Das große Dorf am östlichen Rande der Mesarya-Ebene besitzt
mit der Agios Iakovos-Kirche und der Kirche Panagía Theotókos
zwei ungewöhnliche Gotteshäuser, die unbedingt einen Besuch
lohnen. Die letztgenannte beherbergt überdies eine Ikonen-Ausstellung.
Die Kirche des hl. Jakobus in Iskele
Agios Iakovos-Kirche
Nahe dem Ortseingang, an einer Kreuzung, steht sie: eine der kleinsten und attraktivsten Kirchen Zyperns. Es wird erzählt, eine Königin Maria von Rumänien sei von dem Meisterwerk im Miniaturformat so angetan gewesen, dass sie ihre Privatkapelle am Schwarzen Meer dem fernen zyprischen Vorbild anpasste. Die in ihrer architektonischen Ausgewogenheit sehr schöne Kreuzkuppelkirche stammt aus dem 15. Jahrhundert. Ikonen und Ikonostasis sind weniger von Interesse, dafür weist die Wölbung überraschenderweise Porzellankacheln auf, die an portugiesische Vorbilder erinnern.

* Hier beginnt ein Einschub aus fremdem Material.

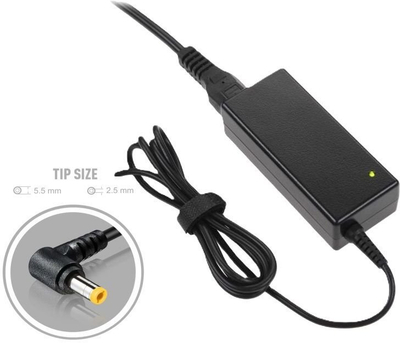Adaptor karikues për laptop ASUS, 150W 19.5V 7.7A, prizë 5.5x2.5mm, i zi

300 m weiter, an der Straße nach Gecitkale, liegt die bedeutendere
der Kirchen von Iskele.
Panagía Theotókos
Die der hl. Jungfrau der Mutter Gottes geweihte Kirche wurde Anfang des 12. Jahrhunderts gebaut. Die einschiffige Kuppelkirche mit überwölbten Nischen in seinen Längswänden zählt zu einem seit jener Zeit in Zypern sehr populären Kirchentypus. Was sie hervorhebt, sind eine Reihe gut erhaltener Fresken aus der Entstehungszeit des Bauwerks, Wandmalereien, wie sie stilistisch sehr ähnlich (und sicher datiert auf die Jahre 1105/06) auch in der Klosterkirche Panagía Phorviótissa von Asínou im griechischen Süden Zyperns zu besichtigen sind. Das Besondere an den Fresken ist ihre stilistische Nähe zu frühkomnenischen Werken (nach dem Herrschergeschlecht der Komnenen, 1081-1185) in der byzantinischen Hauptstadt Konstantinopel. Es liegt nahe, dass hier wie auch in Asínou Meister vom Bosporus am Werk waren.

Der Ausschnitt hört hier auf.